Maaş almak, dokunulmazlık ve milletvekillerinin bazı imtiyazlı durumları gibi hususların hepsinin kanuna dayandığını dile getiren Şentop, şu ifadeleri kullandı:
"Kanunlara bu konularda uyacaksınız. İşinize gelen kanunlar iyi güzel ama aleyhinize olduğunu düşündüğünüz kanunlara bu sefer 'bunları tanımıyoruz' diye meydan okuyacaksınız. Böyle bir şey olamaz. Bir tutarlılık da istiyoruz. Eğer kendileri gerçekten bu hukuki düzenlemeyi tanımıyorlarsa o zaman kendilerini milletvekili yapan, milletvekillerinin imkanlarından maaş dahil yararlandıran düzenlemeleri de tanımasınlar, böyle bir tavır sergilesinler. Bakıyoruz öyle bir tavır da yok. Dolayısıyla bu yapılan şey hukuka uygundur. Kendileri ifadeye çağrılmıştır, gelmemişlerdir, gelmeyeceklerini de deklare etmişlerdir baştan. Bir kere değil, birden fazla çağrılmışlardır ama o yargı süreçlerinin devam edebilmesi için kendilerinin getirilmesi, ifadelerinin alınması gerekiyordu. Nitekim o yapılmıştır."

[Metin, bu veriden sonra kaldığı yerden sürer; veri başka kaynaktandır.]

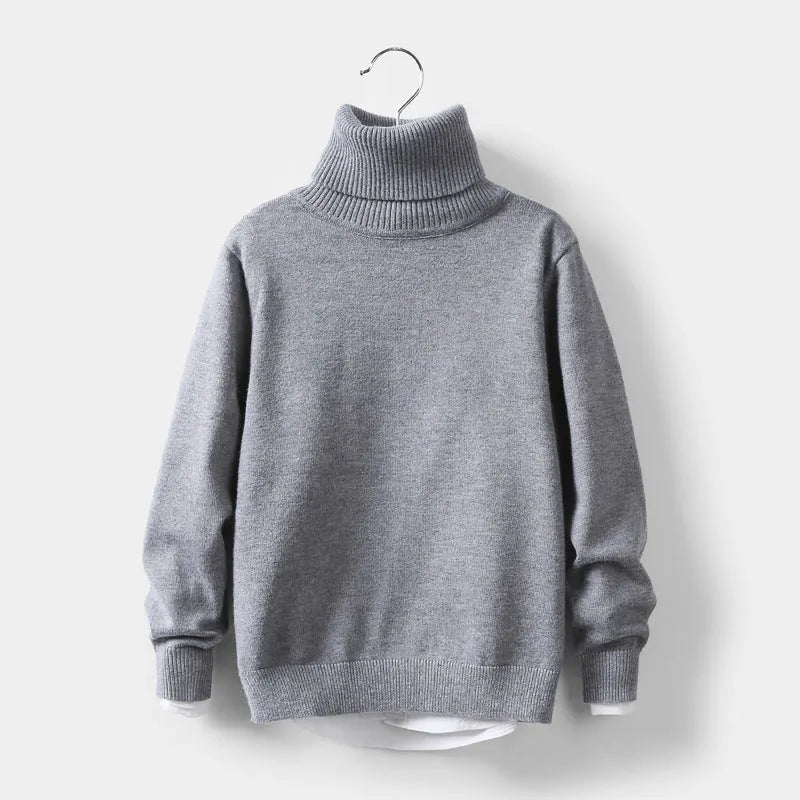 Automne et hiver col haut enfants de tricots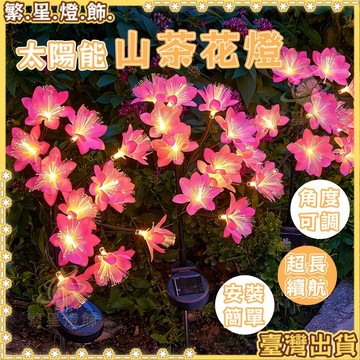 隔日到貨🌳太陽能裝飾燈 山茶花燈 仿真花地插燈 戶外防水花园草坪燈 LED光纖花燈 地插燈 庭院裝飾燈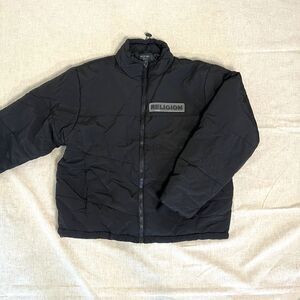 Religion London Black Puffer Jacket Unisex Size S | Nylon Shell, Full Zip, Warm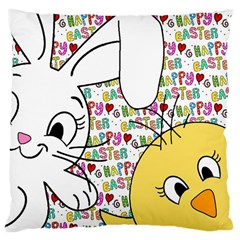 Easter Bunny And Chick  Large Cushion Case (one Side) by Valentinaart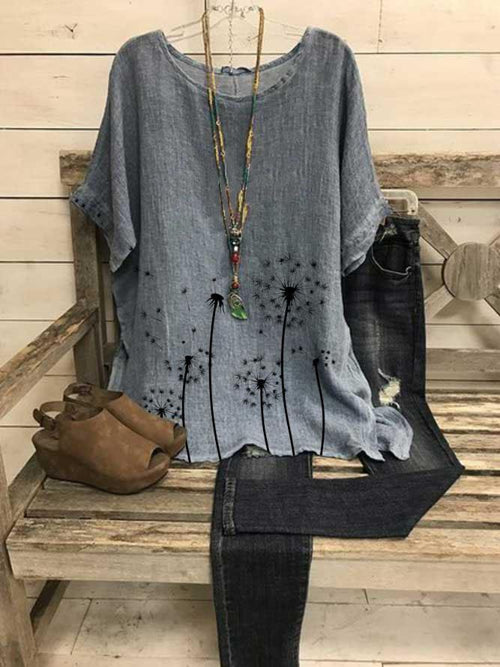 Women's Summer Dandelion Print Relaxed Short Sleeve Top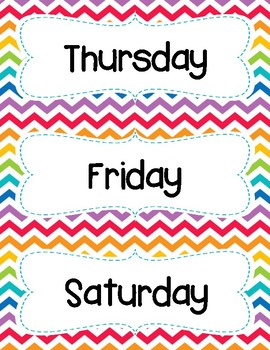 Chevron Days Of The Week Cards - FREEBIE! by Lindsey's Classroom Creations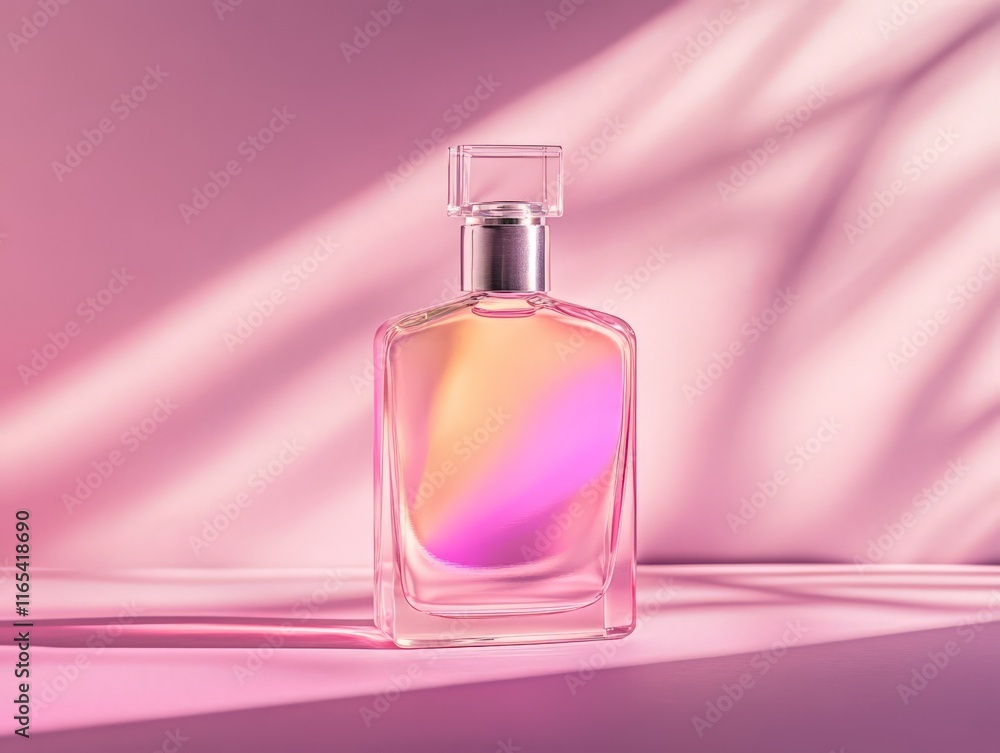 A stylish perfume bottle with a gradient hue against a soft pink background. A stylish perfume bottle with a gradient hue against a soft pink background.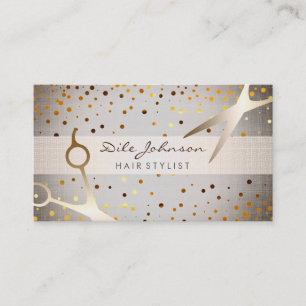 Carte De Visite Hair Stylist Gold Parties scintillant Salon Confet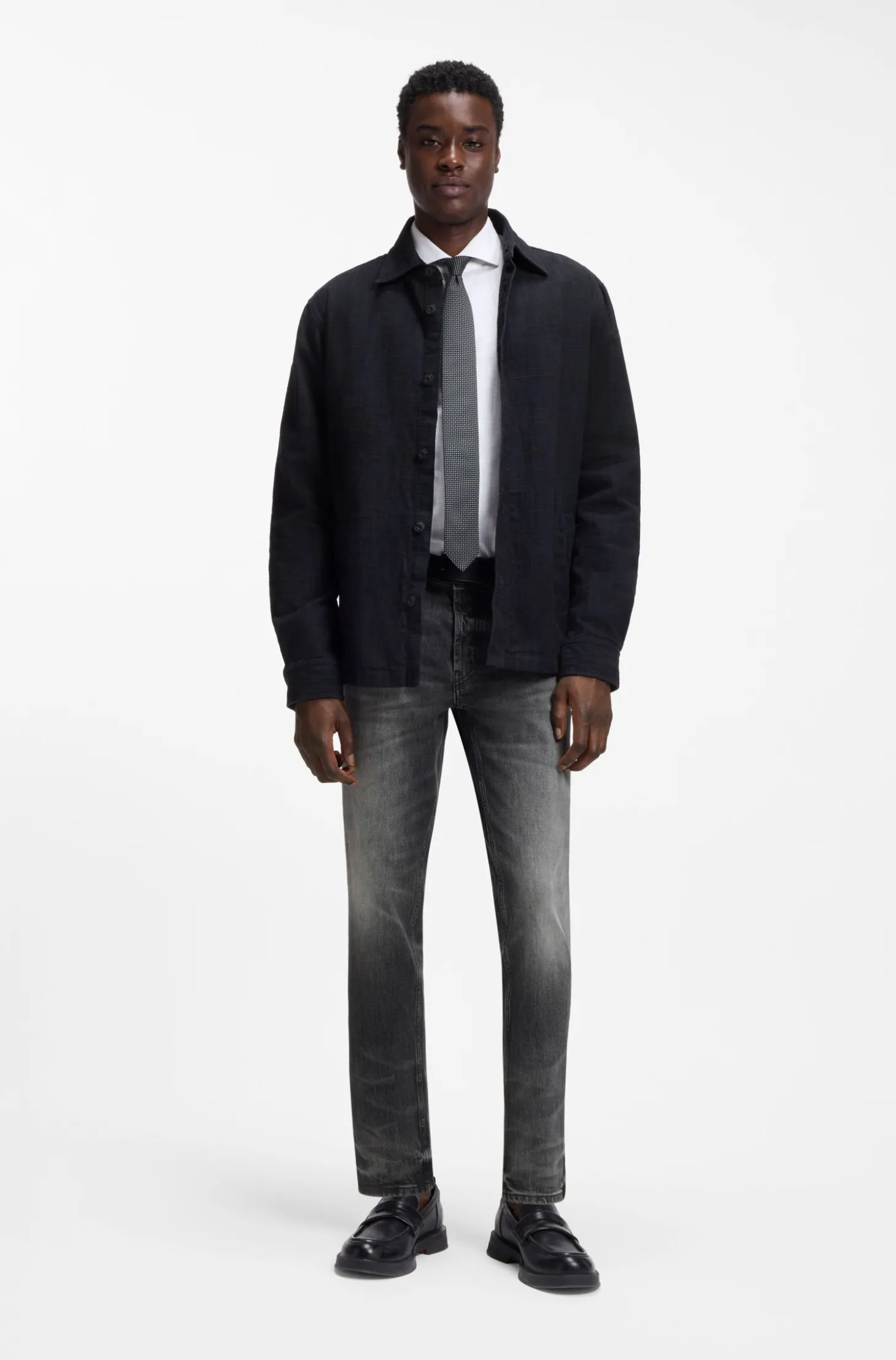 Tapered-fit jeans in dark-grey stretch denim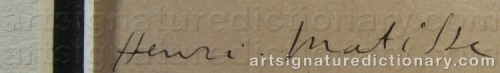 Signature by: MATISSE, Henri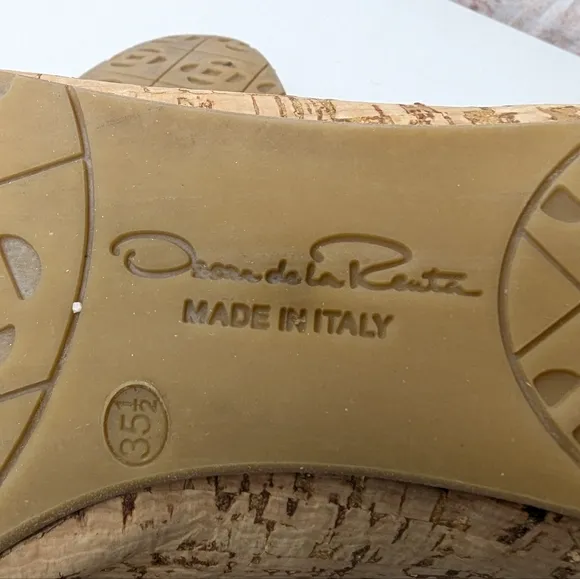 Oscar de la Renta Beige Leather Embellished Women's Flat Shoes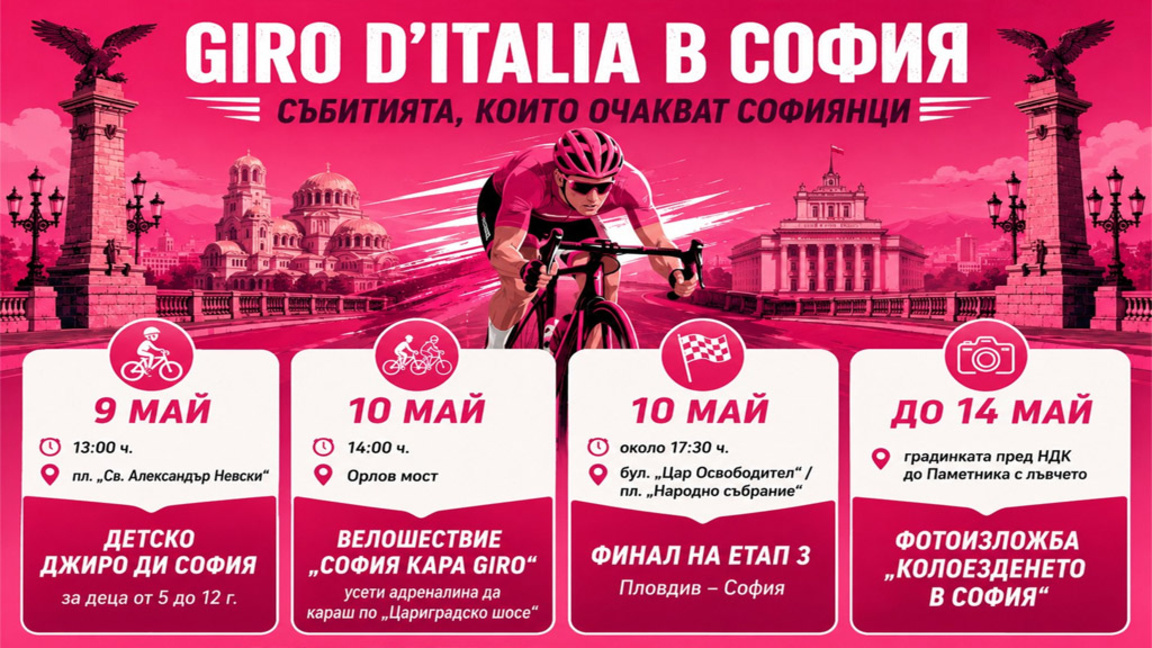 В София празничната програма заради "Giro d’Italia" започва още от 8 май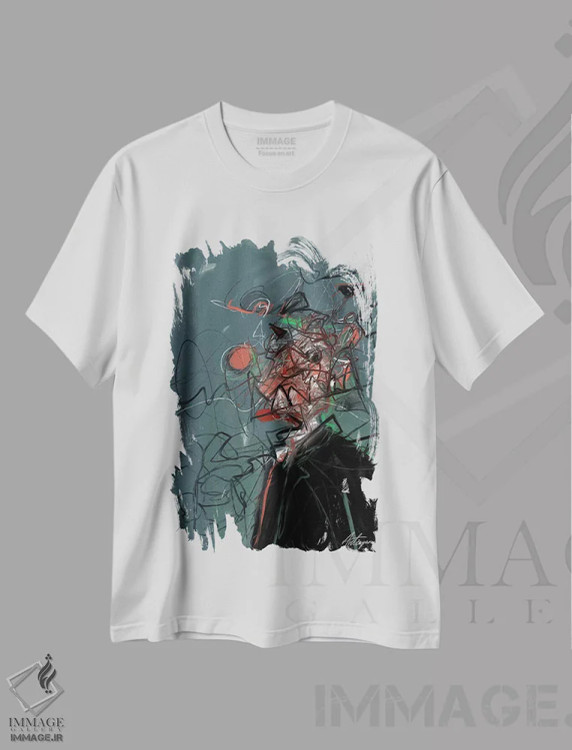 تیشرت سفید طرح دار خودتخریبی III اثر جک آوتیسیان | فروشگاه ایماژ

"Olağan bir durumdan bahsetmiyoruz"
Şentop, HDP'li milletvekillerinin tutuklanma meselesinin tamamen yargının bir tercihi olduğunu söyledi.
Başka tedbirlerin de alınabileceğini belirten Şentop, şöyle devam etti:
"Nitekim bazı milletvekilleri için alındı, onlar için bir adli kontrol konulmak suretiyle serbest bırakıldılar ama herhalde yargı başka birtakım ihtimaller göz önünde bulundurarak bazı vekillerin de tutuklanmasına karar verdi. Olağan bir durumdan bahsetmiyoruz, özellikle o vekiller için şöyle ifade edeyim, normalde adli kontrol yurt dışı çıkış yasağı konulduğunda gerekli tedbirler alınmıştır diye düşünüyoruz ama bu arkadaşlarımız farklı şekillerde de yurt dışına çıkabiliyorlar. Nitekim ilk gün bulunamayan ama daha sonra yakalanan bir milletvekili olağan yollarda, gümrük kapılarında değil de farklı bir şekilde yurt dışına çıkmak üzereyken yakalanmıştı. Dolayısıyla yargının bu konudaki tercihi herhalde kişisel durumları da değerlendirerek, başka ihtimalleri değerlendirerek yaptığı, verdiği bir tercihtir. Biz de milletvekillerinin tutuklanması olmaksızın yargılanmalarını tercih ederiz ama hukuk sisteminin de suç işleyenleri yargılayabileceği imkanları enstrümanları kullanması gerekir. Bu tamamen savcıların, hakimlerin tercihidir."